И снова ныло под ложечкой от незнакомого запаха, голова кружилась, и сладкая истома разливалась по телу.

Это все от запаха хлеба?

Или пахнет уже не хлебом?

Сумеет ли он солгать, когда она спросит, откуда такая уйма пахучего хлеба?

Но может, она не спросит?

А вдруг спросит?

Он еще не решил, подойти ли и взять рюкзак или нет…

Будь это старый горбун, он подкрался бы сзади, бац по башке — и был таков.

В сумке полторы буханки.

А тут гораздо больше.

Ему было известно немало всяких секретов, а теперь узнал и еще один.

Брать или не брать?

Понурясь, стоял он в узком проулке, а руки висели, как плети, точно в плечи забиты гвозди и руки-плети повисли на тех гвоздях.

6

— Тише! — шепнула она, и он замер.

Он неосторожно вылез из расщелины в стене, и из-под ноги с грохотом покатился обломок кирпича. Когда все смолкло, успокоилось, она сказала:

— Пошли…

Они взялись за руки, постояли минутку, прильнув к стене, и она проговорила первое, самое важное число:

— Двенадцать.

Но он уже не слушал, он просто радовался.

Он обрадовался сразу, как только выглянул из проема в стене и увидел, что она ждет. Он очень обрадовался, потому что на ней было другое платье — теплое, с длинным рукавом и закрытым воротом. Может быть, потому и уронил кирпич, забыв, об. осторожности, что увидел на ней что-то теплое. Даже самому теплее стало.

Хоть на дворе и лето, по вечерам в их тайнике свежо. Раскалившиеся за день стены поначалу еще немного греют, но вскоре остывают, и сверху, с черного неба, оседает тяжелая прохлада. Она давит, сковывает. А уличный фонарь даже если и светит, то не греет ни чуточки.

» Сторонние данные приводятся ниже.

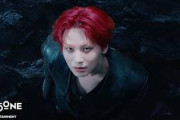 「JO1の最新MV、中毒性MAXで世界中が熱狂！「グローバルヒットの要素が詰まってる」と絶賛の嵐」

Ее прежнее платьице было тоненькое, как папиросная бумага, из которой клеят воздушных змеев. И к тому же без рукавов, с открытым воротом и еще сбоку рваное.

Конечно, они могли в любую минуту встать и уйти, дома бы уж как-нибудь согрелись, но им не хотелось уходить из своего тайника. Ведь если расстанутся, так до следующего вечера — столько ждать! Ну, нет.

Он обнимал ее обеими руками, и они прижимались друг к другу и дышали близко, почти соприкасаясь губами. И тогда им было совсем не страшно, сразу становилось тепло и весело: ни зима, ни снег — ничто не могло бы их заставить дрожать от холода.

Она успела сказать:

— Одиннадцать.

А теперь было:

— Десять.

Он хотел слушать, но не слышал, что она говорит. Он радовался, что по вечерам ей уже не будет холодно, радовался, что на ней теплое платье, и в то же время чего-то боялся. Страх витал вокруг и между ними, и он хотел отмахнуться, отогнать его, как настырного жука, но не мог взмахнуть рукой, и страх по-прежнему жужжал вокруг, не давая покоя.

Еще раньше она сказала:

— Девять.

А теперь:

— Восемь.

До тайника еще больше чем полпути, и ему очень хотелось прибавить шагу. Плохо, конечно, что он не мог ей ничего сказать, чтобы и она поспешила. Он настороженно озирался по сторонам, хотя все было спокойно, тихо, не видно часовых, а он сегодня не оцарапался, не ободрался, и часовые не могли учуять запах крови и светлых капелек, что выступают там, где содрана кожа.

А злой жук летал вокруг и между ними, жужжал, не давая покоя.

Но разве он мог сказать ей?

Платье было изукрашено белыми слониками, алыми змейками и синими птицами.